FROM JACKSON: TAKE 127 NORTH TO 96, THEN FOLLOW DIRECTION FROM DETROIT. 

FROM KALAMAZOO: FOLLOW 131 NORTH TO GRAND RAPIDS. AS YOU ENTER GR, TAKE 196 (EAST) GERALD R. FORD FREEWAY. EXIT ON COLLEGE ST. TURN RIGHT. YOU WILL GO PAST ONE LIGHT, ON THE SECOND, LYON STREET, TURN RIGHT. FOLLOW DOWN FOR ABOUT 1-MILE, WE'LL BE ON YOUR LEFT, 111 LYON. 

FROM BATTLE CREEK: TAKE 94 WEST TO 131 NORTH. THEN FOLLOW DIRECTIONS FOR KALAMAZOO. 

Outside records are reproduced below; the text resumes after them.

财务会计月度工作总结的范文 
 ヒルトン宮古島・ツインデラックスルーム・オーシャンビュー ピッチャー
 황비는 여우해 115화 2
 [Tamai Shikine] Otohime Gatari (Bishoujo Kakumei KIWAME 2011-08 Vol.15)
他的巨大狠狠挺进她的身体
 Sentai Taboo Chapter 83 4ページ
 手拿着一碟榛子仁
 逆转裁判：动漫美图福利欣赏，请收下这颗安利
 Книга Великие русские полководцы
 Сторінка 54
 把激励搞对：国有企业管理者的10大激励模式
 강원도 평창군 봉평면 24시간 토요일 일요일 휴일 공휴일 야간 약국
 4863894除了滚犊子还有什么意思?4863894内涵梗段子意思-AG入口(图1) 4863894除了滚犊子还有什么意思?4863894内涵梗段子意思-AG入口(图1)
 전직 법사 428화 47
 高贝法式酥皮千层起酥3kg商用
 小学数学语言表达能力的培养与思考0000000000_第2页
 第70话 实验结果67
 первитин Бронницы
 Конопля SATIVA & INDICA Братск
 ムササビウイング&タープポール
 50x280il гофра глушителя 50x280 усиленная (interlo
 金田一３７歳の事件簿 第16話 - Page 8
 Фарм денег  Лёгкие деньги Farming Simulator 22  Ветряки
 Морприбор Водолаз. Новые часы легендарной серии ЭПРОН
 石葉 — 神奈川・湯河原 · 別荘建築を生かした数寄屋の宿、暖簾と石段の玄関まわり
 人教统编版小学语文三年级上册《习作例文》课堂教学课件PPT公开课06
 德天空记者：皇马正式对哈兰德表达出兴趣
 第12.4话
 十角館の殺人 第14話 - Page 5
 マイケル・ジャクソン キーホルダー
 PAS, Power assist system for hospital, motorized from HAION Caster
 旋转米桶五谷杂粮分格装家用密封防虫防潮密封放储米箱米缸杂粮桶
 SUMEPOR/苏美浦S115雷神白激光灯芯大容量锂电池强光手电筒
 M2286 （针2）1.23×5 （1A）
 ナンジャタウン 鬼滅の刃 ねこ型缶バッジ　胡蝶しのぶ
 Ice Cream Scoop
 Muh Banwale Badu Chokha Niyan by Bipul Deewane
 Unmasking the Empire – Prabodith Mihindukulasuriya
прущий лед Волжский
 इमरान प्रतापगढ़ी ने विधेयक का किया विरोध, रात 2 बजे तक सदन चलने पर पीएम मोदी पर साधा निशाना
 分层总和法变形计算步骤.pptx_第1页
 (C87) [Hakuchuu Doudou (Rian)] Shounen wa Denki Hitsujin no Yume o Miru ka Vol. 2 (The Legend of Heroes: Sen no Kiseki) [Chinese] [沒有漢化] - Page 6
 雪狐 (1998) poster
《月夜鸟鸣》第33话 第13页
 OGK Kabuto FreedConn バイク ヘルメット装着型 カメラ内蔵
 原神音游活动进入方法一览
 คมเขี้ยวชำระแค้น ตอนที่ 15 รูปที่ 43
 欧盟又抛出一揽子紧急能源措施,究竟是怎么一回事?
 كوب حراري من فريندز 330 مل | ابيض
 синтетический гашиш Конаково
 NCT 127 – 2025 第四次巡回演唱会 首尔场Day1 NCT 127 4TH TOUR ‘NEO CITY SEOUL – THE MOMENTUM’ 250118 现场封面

FROM BENTON HARBOR/ST. JOSEPH/HOLLAND: TAKE 196 ALL THE WAY TO GRAND RAPIDS. EXIT ON COLLEGE STREET AND TURN RIGHT. YOU WILL GO THROUGH ONE LIGHT, ON THE SECOND (LYON STREET) TURN RIGHT. GO DOWN ABOUT ONE MILE, WE ARE LOCATED ON YOUR LEFT, AT 111 LYON ST. 

FROM CHICAGO: TAKE 80/90 OUT OF CHICAGO TO 94 EAST. TAKE 94 TO 196. THEN FOLLOW DIRECTIONS FOR BENTON HARBOR. 

FROM MUSKEGON: TAKE 96 EAST TO 131. FOLLOW 131 SOUTH TO GERALD R. FORD FREEWAY TO 196 EAST. THEN FOLLOW DIRECTIONS FOR BENTON HARBOR. 


------------------
"The greatest thrill you can offer a child is to take them hunting"

[This message has been edited by pegasus (edited 02-12-2001).]

[This message has been edited by pegasus (edited 02-12-2001).]


----------